What Will Ryan Poles Do With Excess Cap Space?
The Bears have $35.7 million in available cap space and could really use an edge rusher and some offensive line depth. But, before you start counting on a reunion with Leonard Floyd, GM Ryan Poles has probably earmarked a big chunk of that money for extensions for Cole Kmet and Jaylon Johnson.
Floyd, Jadeveon Clowney, Frank Clark, Justin Houston, and Yannick Ngakoue are still searching for 2023 homes. All of those players are very talented, but each may be asking for more money than any of the 32 NFL teams are willing to pay. Floyd is probably looking to be paid in the upper tier of edge rushers, and I doubt Poles will make that kind of investment considering the current state of the roster. Poles should instead seek long-term solutions in the draft next year.
Poles has done well to abstain from the frenetic pace of free agency. He takes a measured approach and seeks value in positions that are less cost-competitive among his front office peers. His flexibility and insistence in signing scheme-fit players are admirable. Poles also seeks foundational players who won’t hamstring his budget in future years. That said, he also understands that Rome can’t be built in a day, as the saying goes. The second-year GM is on record as stating that he doesn’t have the assets to plug every hole this offseason.
“I want to stair-step this thing to the top and then stay up there as long as absolutely possible,” Poles said before the draft. “I always go back to making sound decisions.

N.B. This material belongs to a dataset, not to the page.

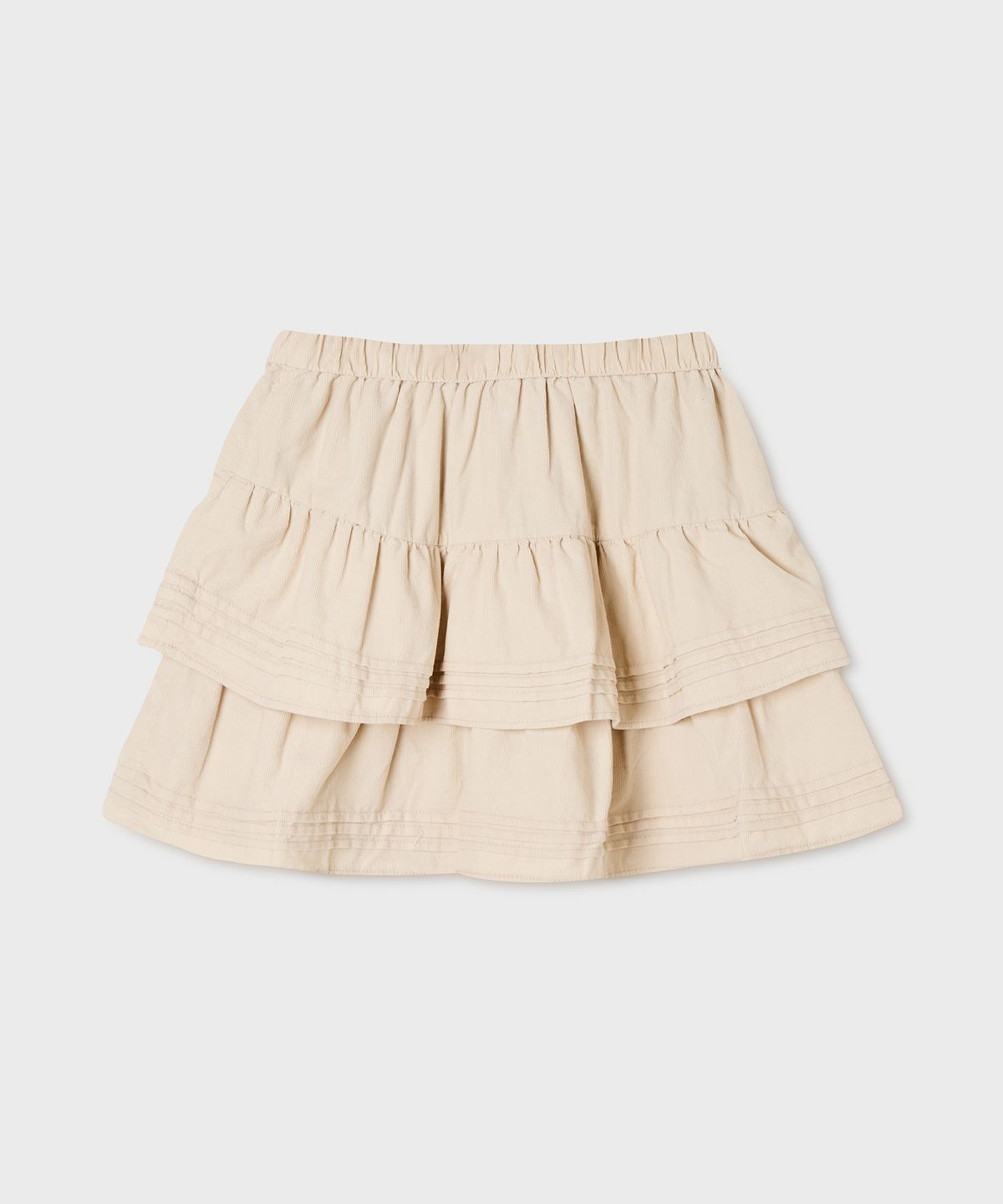 후아유(WHO.A.U) Corduroy Short Tiered Skirt / WHWHG4921F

And sometimes when you don’t make sound [acquisition] decisions, in the short term it can look really good. But then it’s what happens after [that]…We want to make decisions that can last a long time so we can stay at the top. We don’t want to peak and then have the drop-off after.”
“With free agency, we stuck to our plan,” he added. “And that’s really to marry a fit for what we’re trying to do here – our culture, our scheme – with value. And I thought we did a good job and that led to some really good additions.”
Poles also said that he would never operate outside the borders of reason in free agency. He targets players of value but sticks to reasonable price points. That way, he can maintain flexibility going forward. Keeping all that in mind, it’s tough to envision the front office making a last-second splurge to find an edge rusher. That’s more consistent with the way Ryan Pace ran the team prior to Poles.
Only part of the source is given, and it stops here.